--- Available records ---

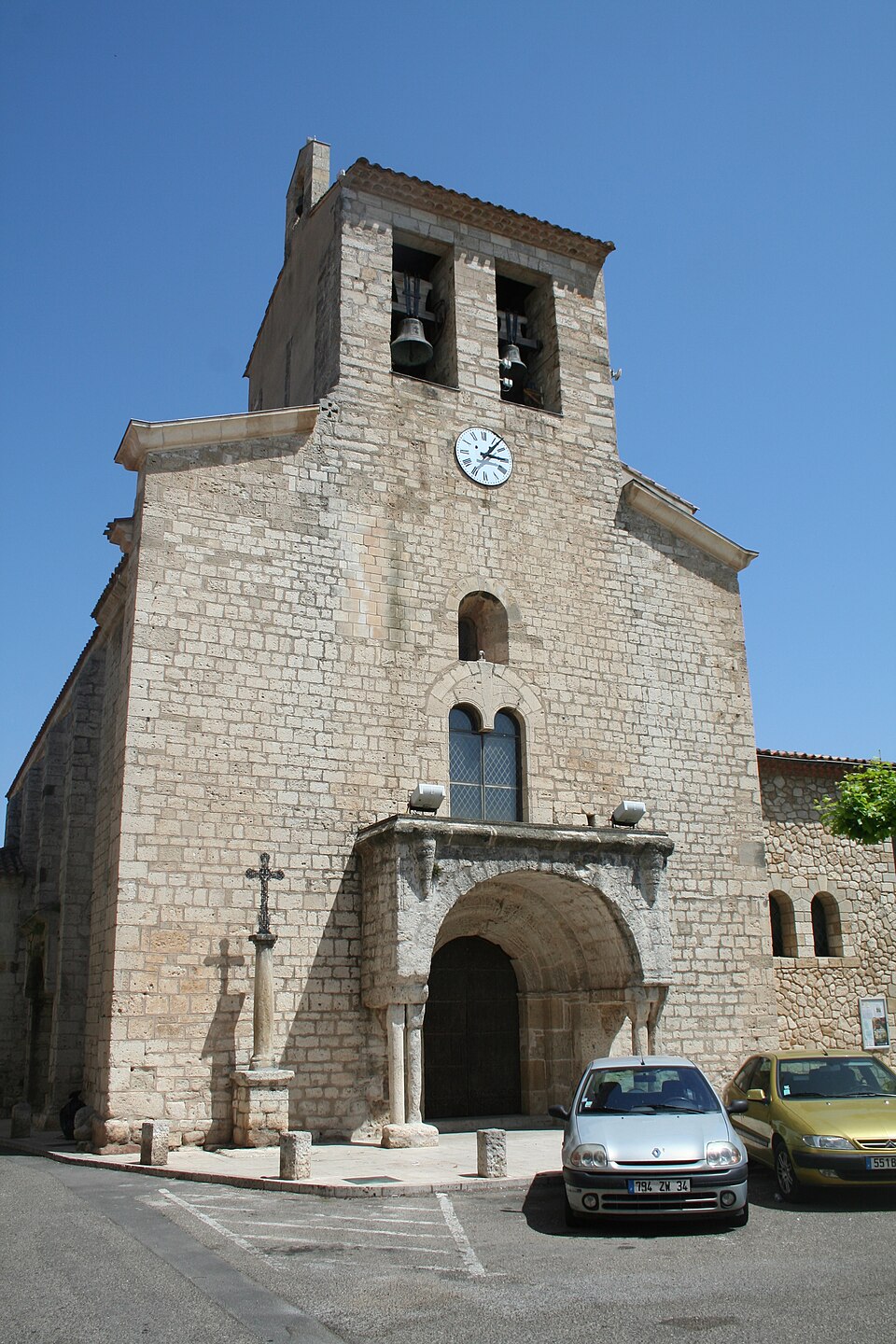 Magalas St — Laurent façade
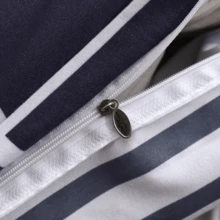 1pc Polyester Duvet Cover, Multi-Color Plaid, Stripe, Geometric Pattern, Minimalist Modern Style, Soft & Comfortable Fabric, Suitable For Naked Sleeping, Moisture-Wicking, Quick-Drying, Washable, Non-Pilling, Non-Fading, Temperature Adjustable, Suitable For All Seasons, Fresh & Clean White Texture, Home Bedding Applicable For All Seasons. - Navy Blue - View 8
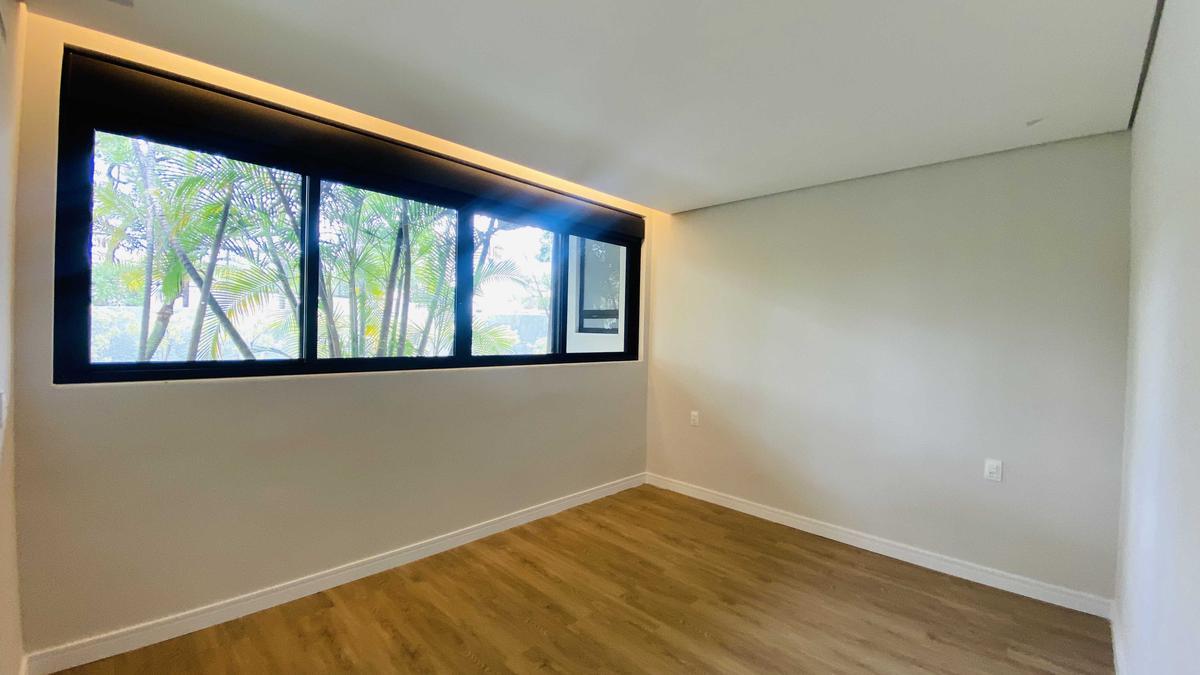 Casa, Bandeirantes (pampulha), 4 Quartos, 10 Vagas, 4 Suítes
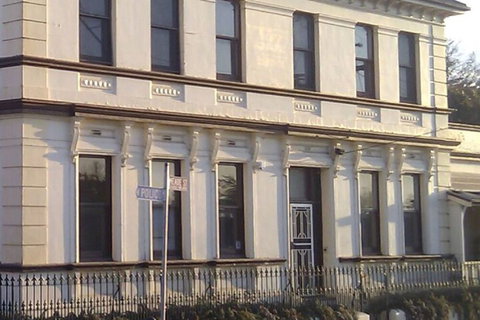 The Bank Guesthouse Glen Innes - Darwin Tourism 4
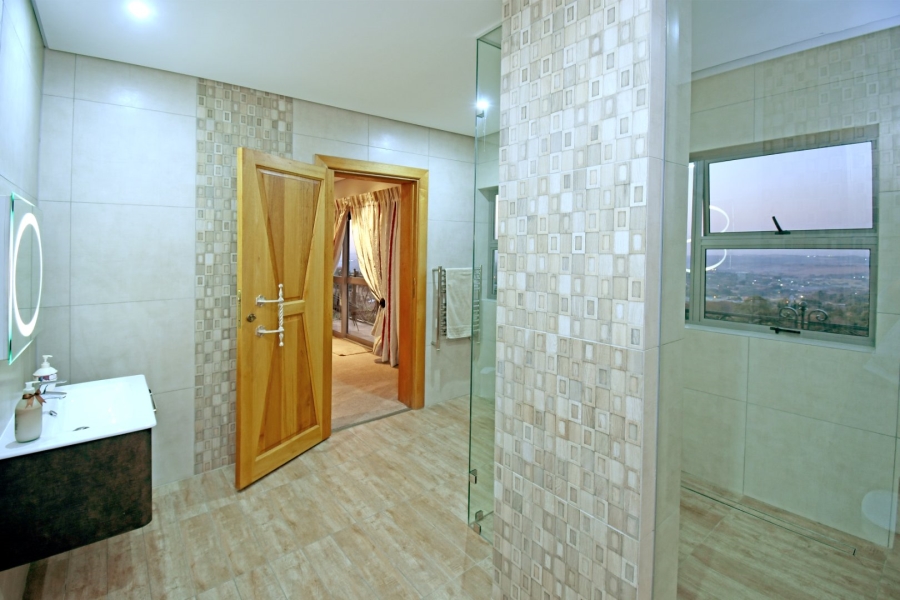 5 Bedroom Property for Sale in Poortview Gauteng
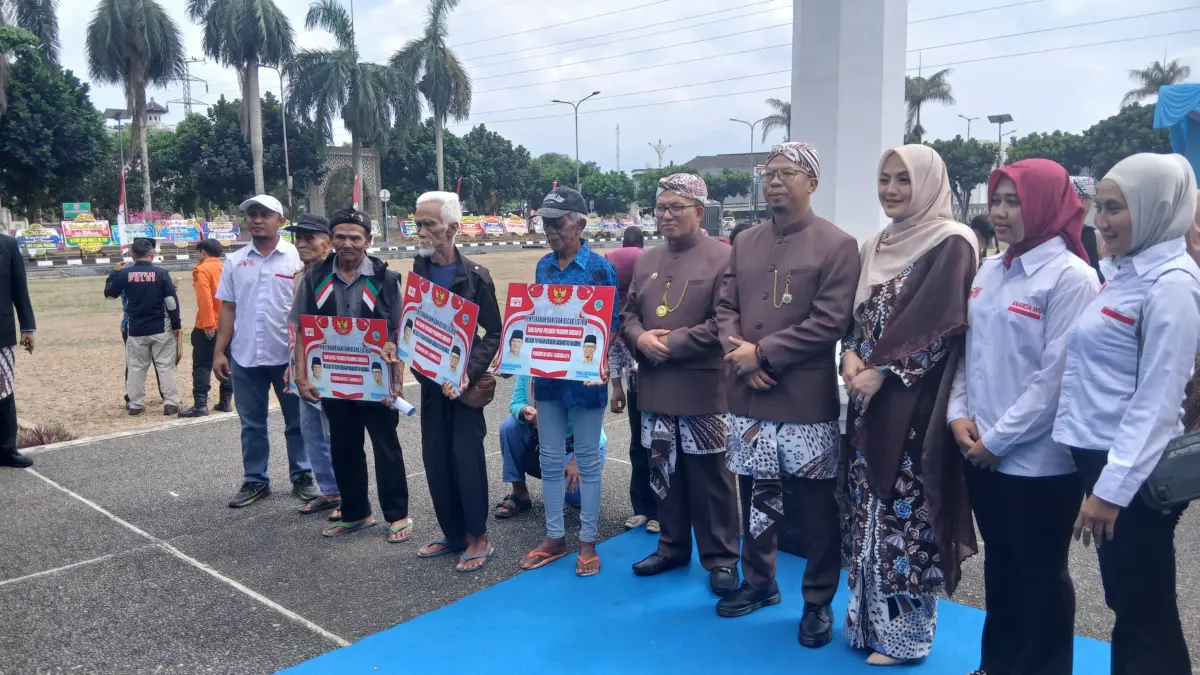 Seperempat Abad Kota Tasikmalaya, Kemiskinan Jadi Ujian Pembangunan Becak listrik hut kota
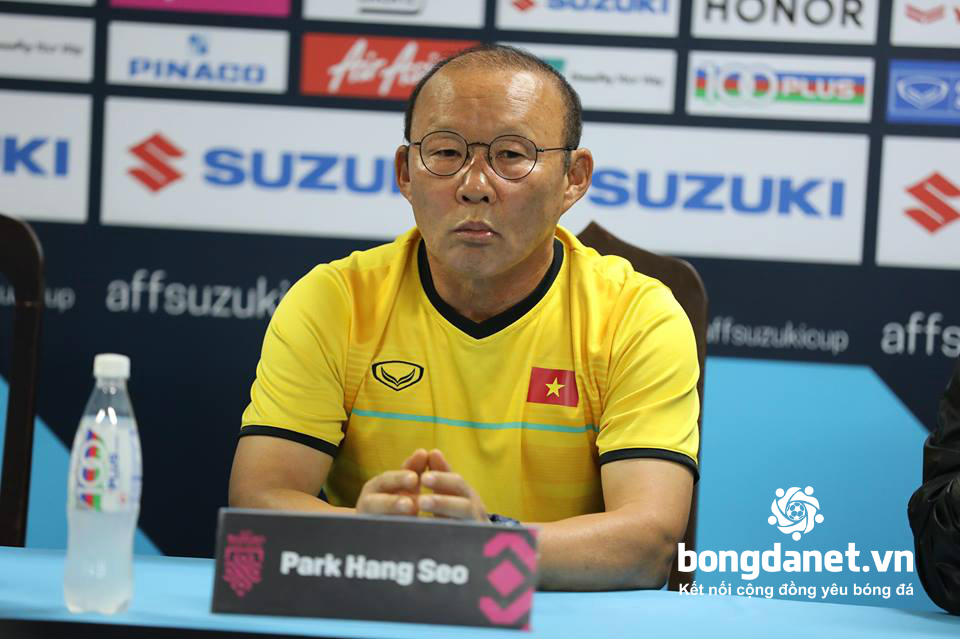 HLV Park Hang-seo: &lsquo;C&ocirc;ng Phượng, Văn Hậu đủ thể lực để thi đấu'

---

Your task:
Would you set down every line of the data above exactly, skipping the pictures?

Response:
 Magalas St — Laurent façade
 1pc Polyester Duvet Cover, Multi-Color Plaid, Stripe, Geometric Pattern, Minimalist Modern Style, Soft & Comfortable Fabric, Suitable For Naked Sleeping, Moisture-Wicking, Quick-Drying, Washable, Non-Pilling, Non-Fading, Temperature Adjustable, Suitable For All Seasons, Fresh & Clean White Texture, Home Bedding Applicable For All Seasons. - Navy Blue - View 8
 Casa, Bandeirantes (pampulha), 4 Quartos, 10 Vagas, 4 Suítes
 The Bank Guesthouse Glen Innes - Darwin Tourism 4
 5 Bedroom Property for Sale in Poortview Gauteng
 Seperempat Abad Kota Tasikmalaya, Kemiskinan Jadi Ujian Pembangunan Becak listrik hut kota
 HLV Park Hang-seo: &lsquo;C&ocirc;ng Phượng, Văn Hậu đủ thể lực để thi đấu'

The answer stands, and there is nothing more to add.